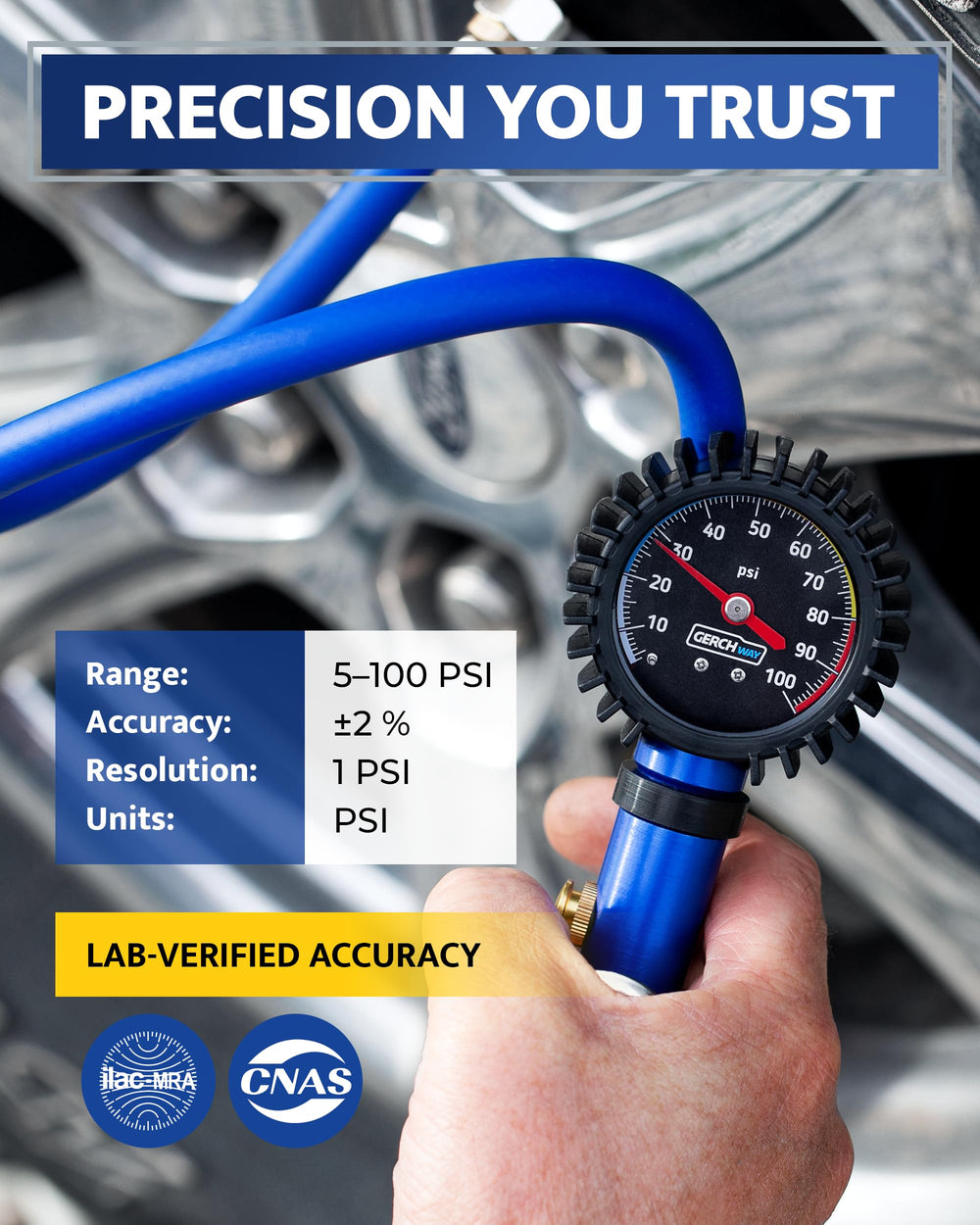 GERCHWAY precision gauge delivers reliable PSI readings for common tire ranges.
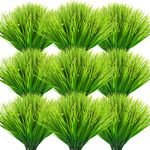 80 Bundles Artificial Outdoor Plants Artificial Grasses Fake Wheat Grass Fake Plants Bushes Greenery Shrubs Faux Plastic Plants for House Garden Porch Window Box Decor Patio Front Porch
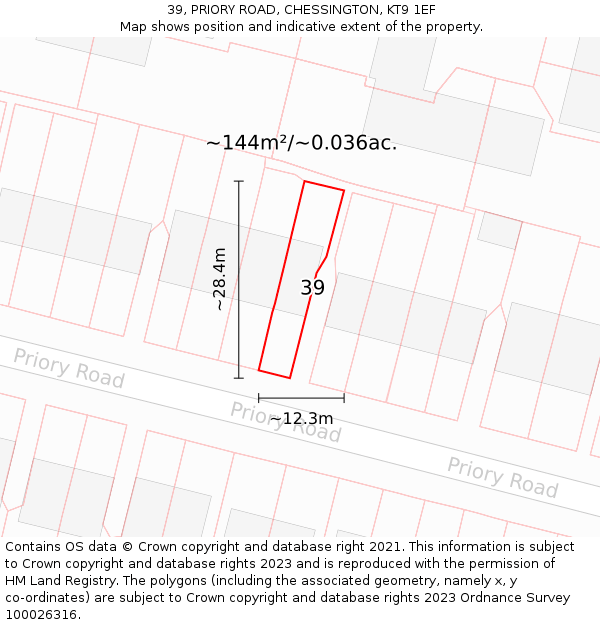 39, PRIORY ROAD, CHESSINGTON, KT9 1EF: Plot and title map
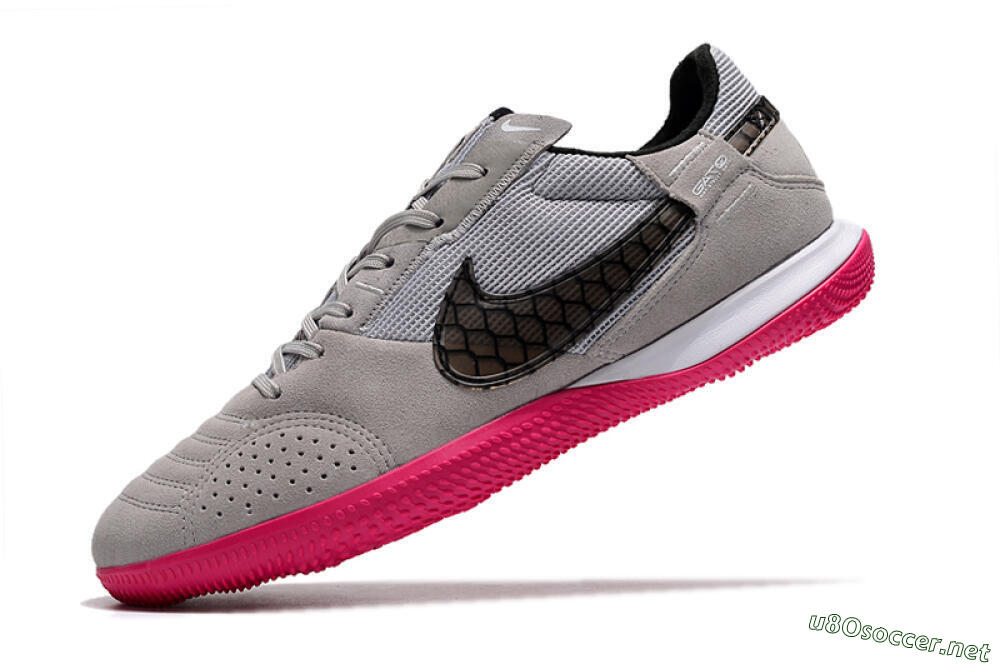 Men's Nike Street Gato IC Football Shoes - Grey/Black/Pink 5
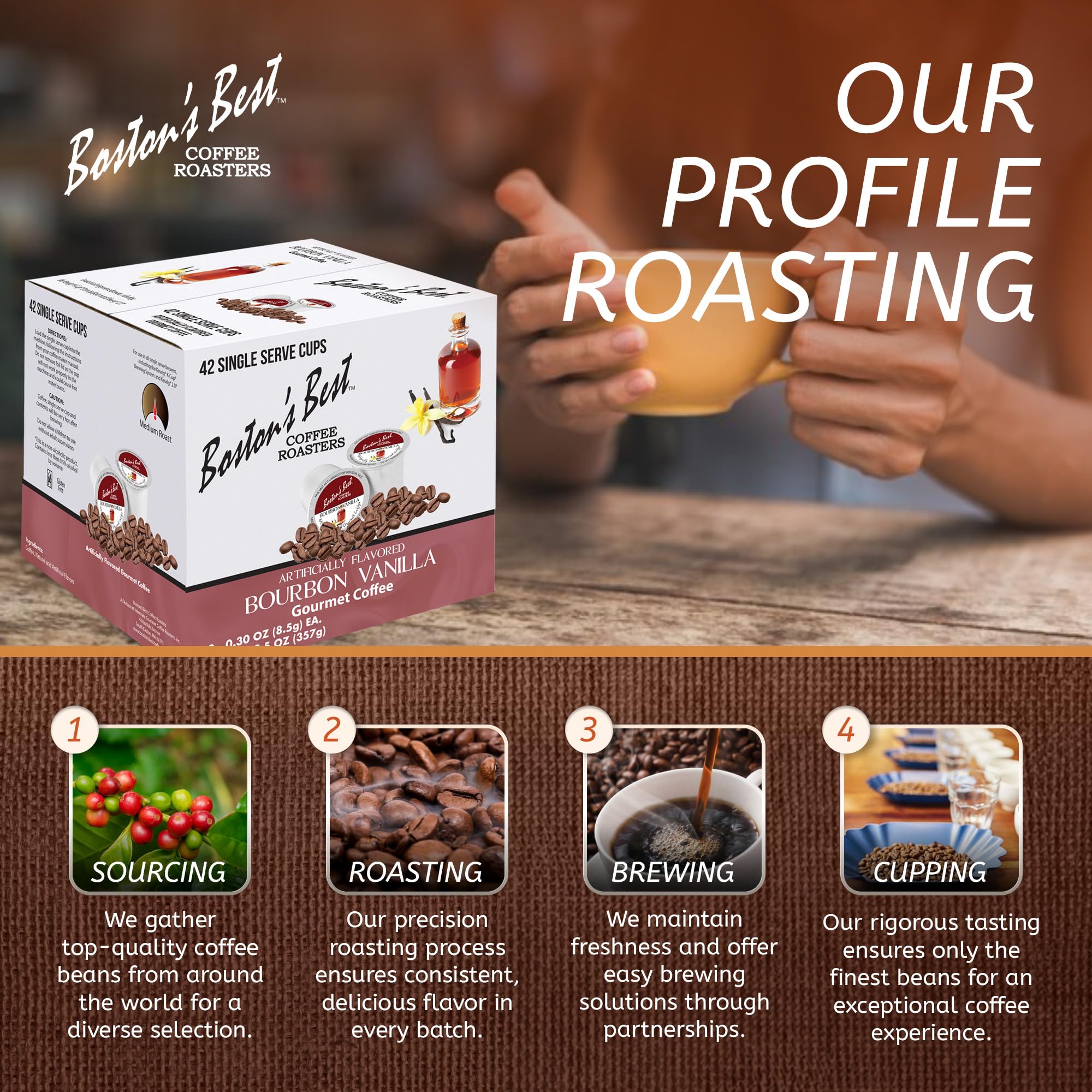 Boston’s Best - Bourbon Vanilla Coffee Blend, Tasty Flavored Blend, Gourmet Compatible with Keurig Coffee Maker, 1 Count (42 Single Serve Medium Roast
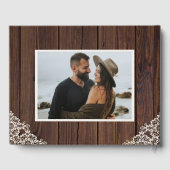 Rustikales Foto mit Holzstrohbeleuchtung Gästebuch (Rückseite)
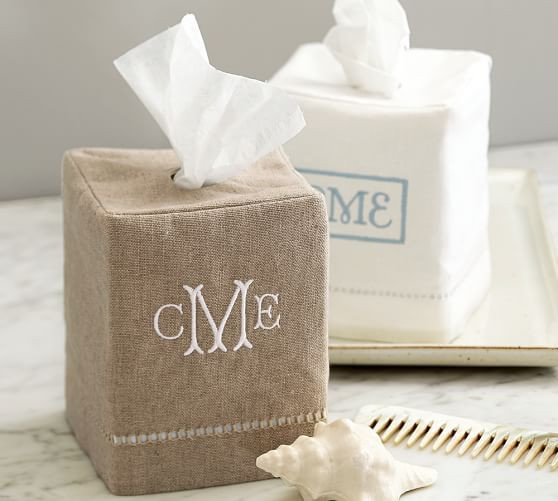 Linen Hemstitch Tissue Box Cover | Pottery Barn (US)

■ Exercise brief ■
Set out exactly, and only, the lines between the first line of the listing and the line containing "Boston’s Best - Bourbon", counting both, while leaving every picture out.

■ Written answer ■
 GERCHWAY precision gauge delivers reliable PSI readings for common tire ranges.
 80 Bundles Artificial Outdoor Plants Artificial Grasses Fake Wheat Grass Fake Plants Bushes Greenery Shrubs Faux Plastic Plants for House Garden Porch Window Box Decor Patio Front Porch
 39, PRIORY ROAD, CHESSINGTON, KT9 1EF: Plot and title map
 Men's Nike Street Gato IC Football Shoes - Grey/Black/Pink 5
 Boston’s Best - Bourbon Vanilla Coffee Blend, Tasty Flavored Blend, Gourmet Compatible with Keurig Coffee Maker, 1 Count (42 Single Serve Medium Roast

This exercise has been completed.